= Beginning of Section =

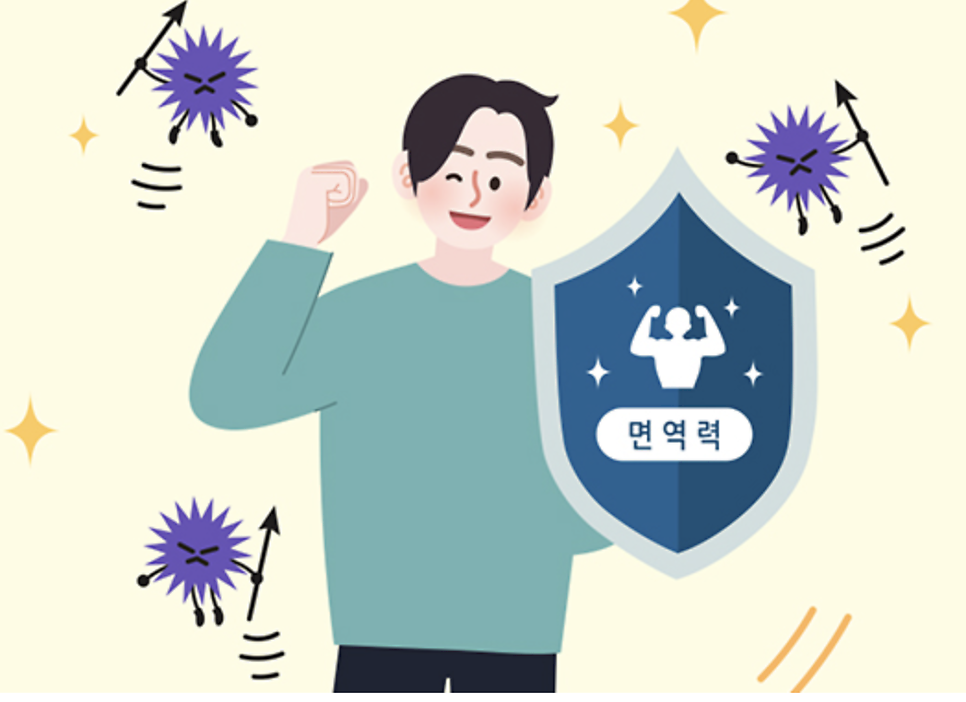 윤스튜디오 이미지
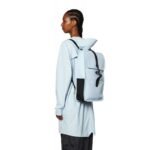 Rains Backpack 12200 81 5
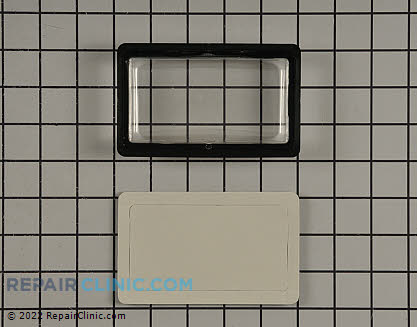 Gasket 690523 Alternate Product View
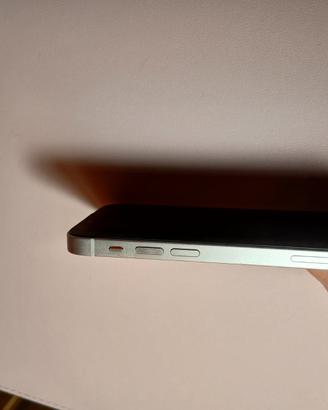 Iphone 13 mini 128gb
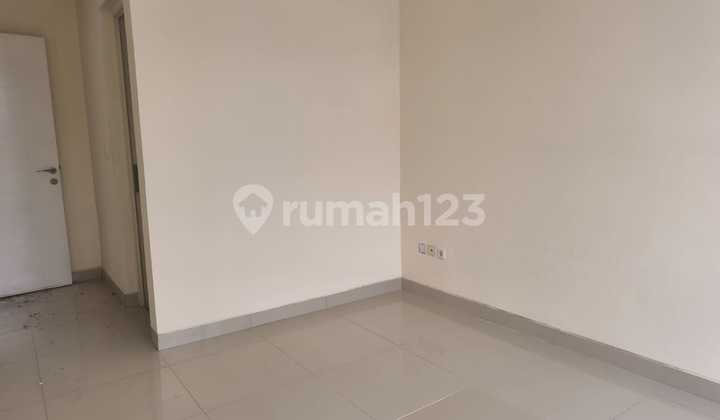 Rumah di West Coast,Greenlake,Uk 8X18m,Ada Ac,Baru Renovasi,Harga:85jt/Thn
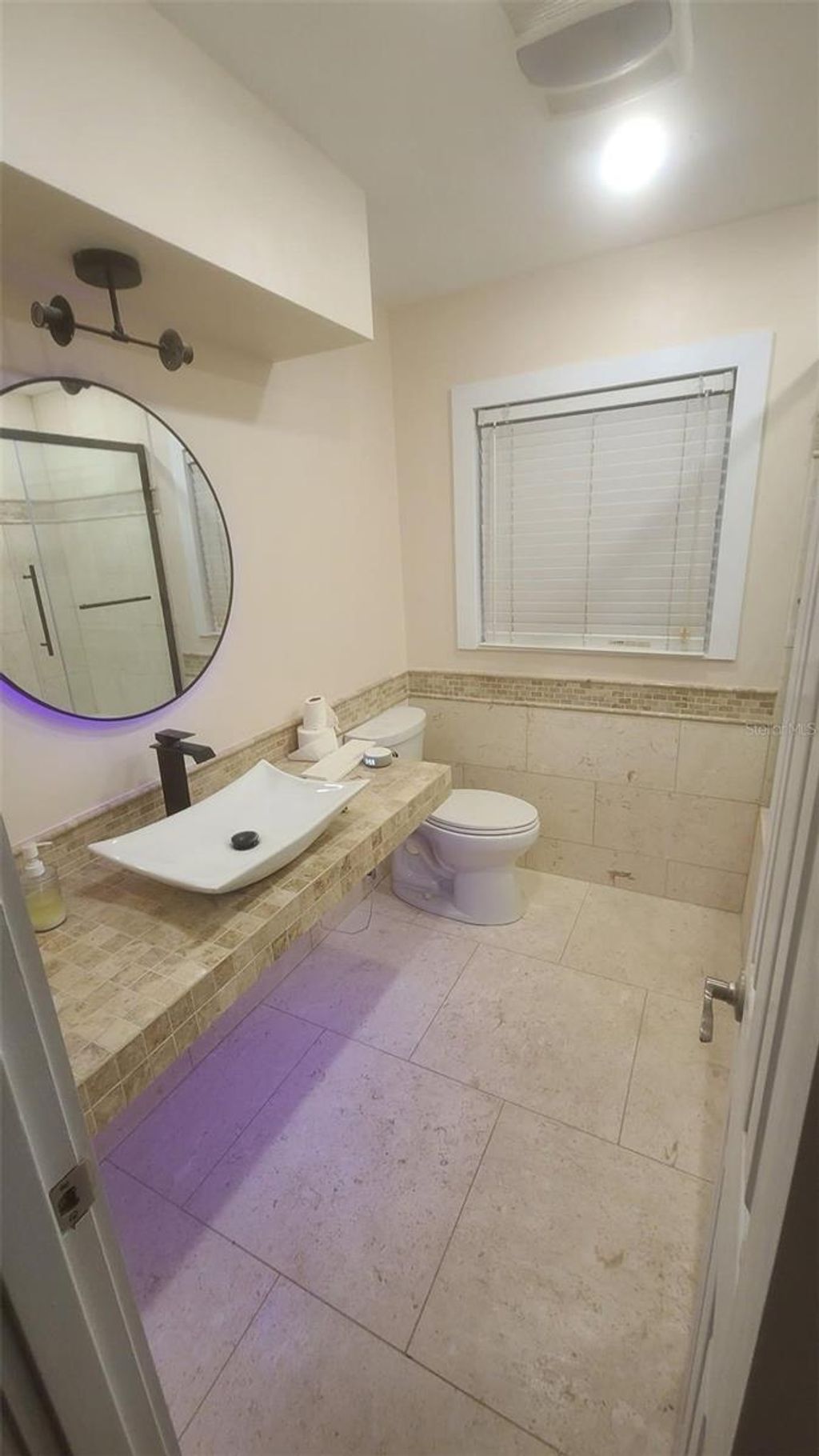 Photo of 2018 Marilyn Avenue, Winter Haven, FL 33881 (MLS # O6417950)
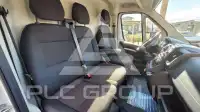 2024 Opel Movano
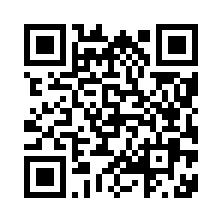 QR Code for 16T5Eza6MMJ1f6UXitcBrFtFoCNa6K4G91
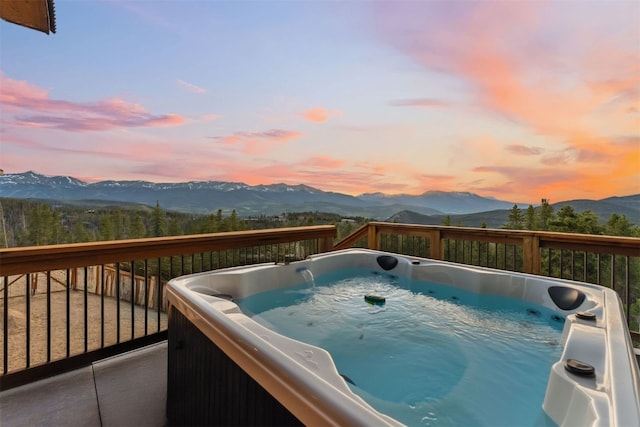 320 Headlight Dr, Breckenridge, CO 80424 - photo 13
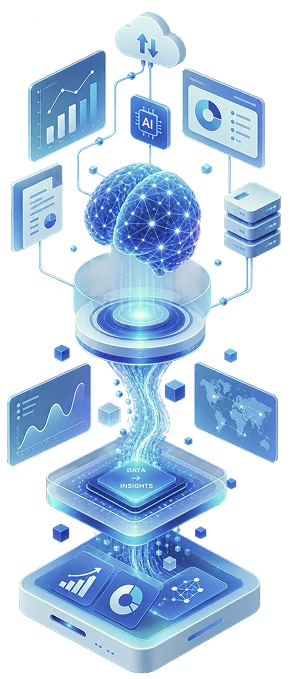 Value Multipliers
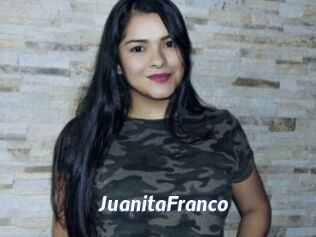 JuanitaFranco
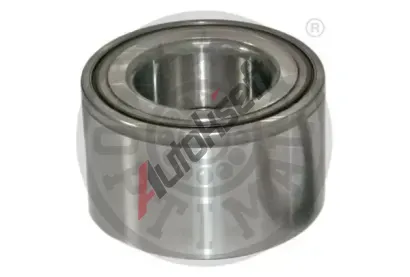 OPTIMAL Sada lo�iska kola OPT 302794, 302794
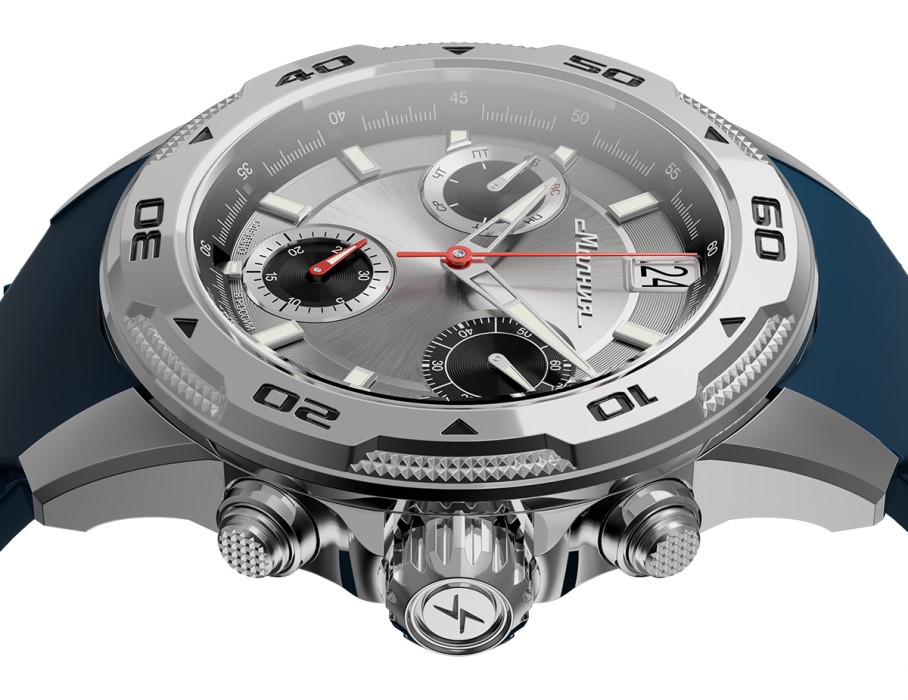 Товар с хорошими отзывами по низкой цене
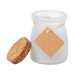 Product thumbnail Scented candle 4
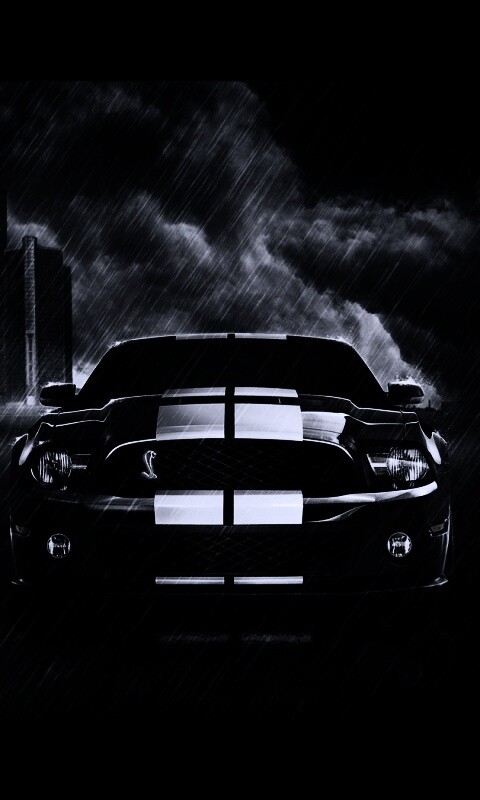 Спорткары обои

= End of Section =

**AIM OF THE EXERCISE**
Please print all the data above word for word. Pictures should not appear in the copy.

**REPLY TO THE EXERCISE**
 윤스튜디오 이미지
 Rains Backpack 12200 81 5
 Gasket 690523 Alternate Product View
 Iphone 13 mini 128gb
 Rumah di West Coast,Greenlake,Uk 8X18m,Ada Ac,Baru Renovasi,Harga:85jt/Thn
 Photo of 2018 Marilyn Avenue, Winter Haven, FL 33881 (MLS # O6417950)
 2024 Opel Movano
 QR Code for 16T5Eza6MMJ1f6UXitcBrFtFoCNa6K4G91
 320 Headlight Dr, Breckenridge, CO 80424 - photo 13
 Value Multipliers
 JuanitaFranco
 OPTIMAL Sada lo�iska kola OPT 302794, 302794
 Товар с хорошими отзывами по низкой цене
 Product thumbnail Scented candle 4
 Спорткары обои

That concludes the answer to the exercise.